北斗神拳國體論

漫画「北斗の拳」を久しぶりに再読。
私の青春時代は、北斗の拳と共にあったので、読んでいると当時の記憶が蘇ってくる。
その「北斗の拳」を今改めて読み返して思ったこと。


ここには日本人が戦後やり残したことが滔々と描かれているように思われる。
というか「北斗の拳」の話型は、これ以降から今日まで数多あるし、敗戦日本のメンタリティはどの作品からも読み取ろうと思えばできるので、これを指摘することはあまり意味がないけれど、せっかく思いついたのでここに記したいと思う。


思ったのは、北斗の拳は、戦後日本が護れなかった「國體」の話ではないか、というものである。


國體は、日本が昔から脈々と受け継いできた(とされている)もの、それを私は天皇による統治だと思っているが、戦後、天皇人間宣言によってそれは崩壊する。
天皇制は「一子相伝」の物語であり、それを結果破壊したのはアメリカであった。この出来事を、当時の日本人が正確にどう思ったかはわからないけれど、北斗の拳から伝わることから察すると、あまりに手酷く戦争で負けすぎたので、國體の崩壊をうまく整理できてないのではないかと思うのである。


北斗の拳に登場するケンシロウは一子相伝北斗神拳伝承者、つまり北斗神拳は「國體」なのである。
その國體たるケンシロウに、様々な相手が向かってくる。その最初の巨人が北斗の長兄ラオウであるが、ラオウは戦後國體を破壊したアメリカなのである。
ラオウ(アメリカ)は、そのスーパーパワーで世紀末覇者を目指し、やがて國體たるケンシロウを脅かす。覇者は常に一人だからである。
そしてケンシロウラオウを倒すことによって「國體は護られた」という、当時護れなかったことを物語で実現しているのである。


國體を脅かすものはラオウだけではない。


次に登場するのは、北斗琉拳という北斗神拳のダークサイド。拳も体制も北斗神拳そのものなのだけれど、北斗琉拳は「海を越えた」「数多の流派が混在する」「修羅の国」に存在する最高峰の拳法として語られる。


北斗琉拳は、もう一つのスーパーパワー、中国であるというのが私の見立てである。


中国は多民族国家であり、統治は必ずしも安定はしていない。失政すれば政体が崩壊するかもしれないという不安定を状態的に抱えている、大袈裟に言うと「修羅の国」なのである。

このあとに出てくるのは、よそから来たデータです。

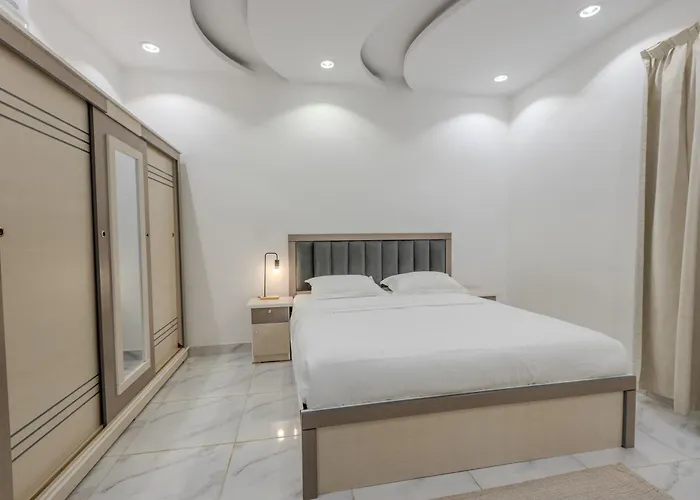 Luxurious Family 3 Bedroom Apartments 10 Mins Drive To Al-Masjid Nabawi المدينة المنورة, المملكة العربية السعودية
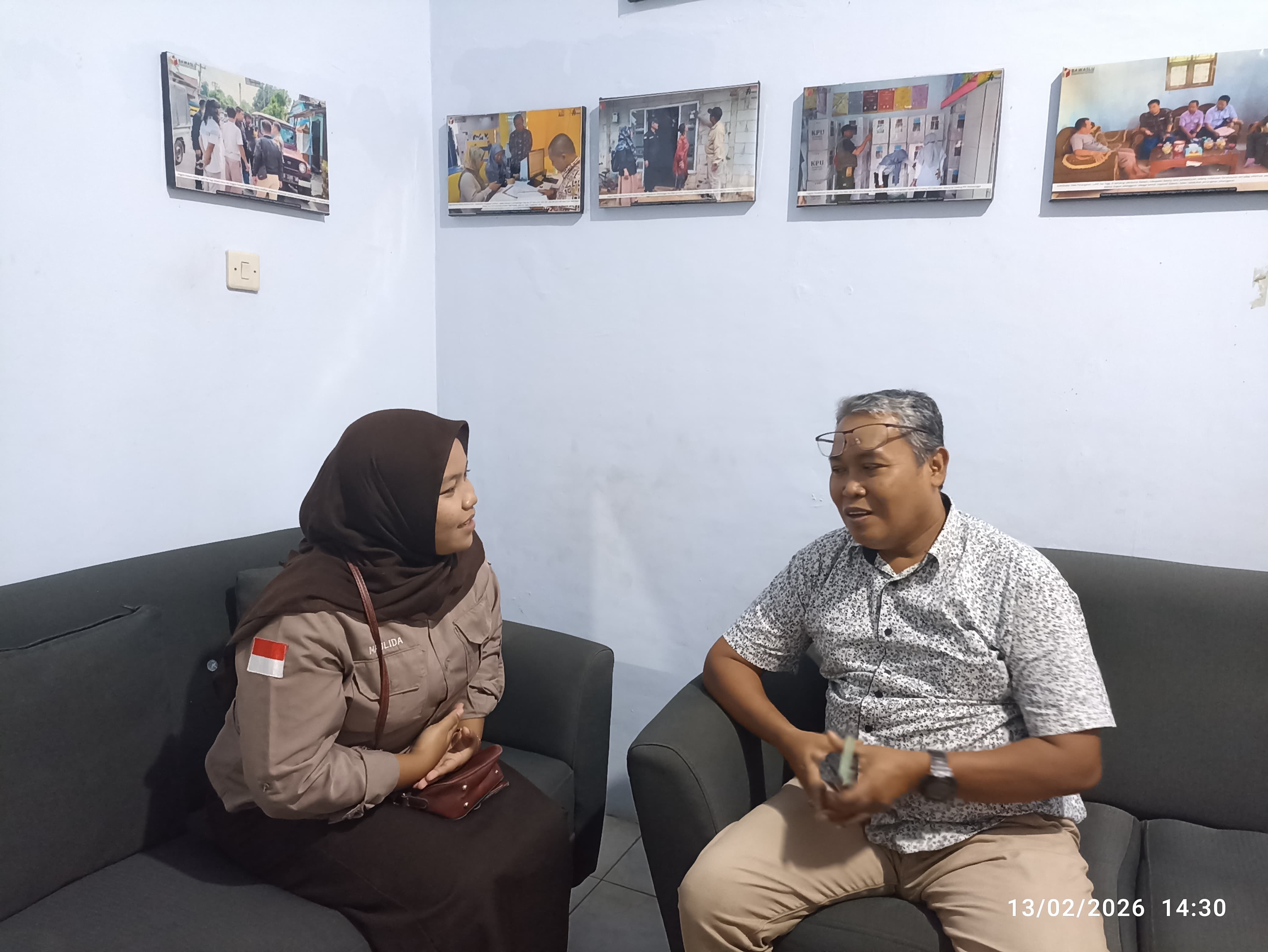 Gali Makna Demokrasi, Siswi SMAN 4 Pekalongan Sambangi Bawaslu Batang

北斗琉拳は、日本から見た中国なのである。そして、北斗琉拳ケンシロウにとってルーツであると同時に、脅威な存在である。(ケンシロウ修羅の国出身である)
北斗琉拳は、日本が抱いている、できれば避けてとおりたいスーパーパワーの中国感をそのまま表しているように思われる。反面、拳の名に「北斗」を冠しているところで北斗神拳(つまり日本)が北斗琉拳(中国)を同胞として考えているように思われる。


ラオウ(アメリカ)を倒し、北斗琉拳(中国)を倒すが、物語はここでは終わらない。


今度は後継者を誰にするかという物語になるが、この章はつまりケンシロウとは何者だったかという物語なのである。
ここではラオウの子リュウが登場してケンシロウと旅をする。
この頃になるとケンシロウという國體の権化は外敵から脅かされることはなくなるが、最大の危機であるケンシロウが記憶をなくすという「國體が國體たることを放棄する」(最終的には思い出すけど)自らがこれまでの伝統を放棄することが起こるのである。


この頃の日本はバブル期であり、また昭和天皇崩御の年でもある。これまでの日本を忘れてしまって、平成という新しい区切りを迎えた時期と、ケンシロウが記憶をなくす時期は一致している。
このことからしても、ケンシロウが國體を表しているように思われる。そしてラオウの実子リュウは、本当は敗戦日本が欲望した新しい時代の象徴なのである。


以上が、私の「北斗神拳國體論」である。愛ゆえに考えついたハッタリである。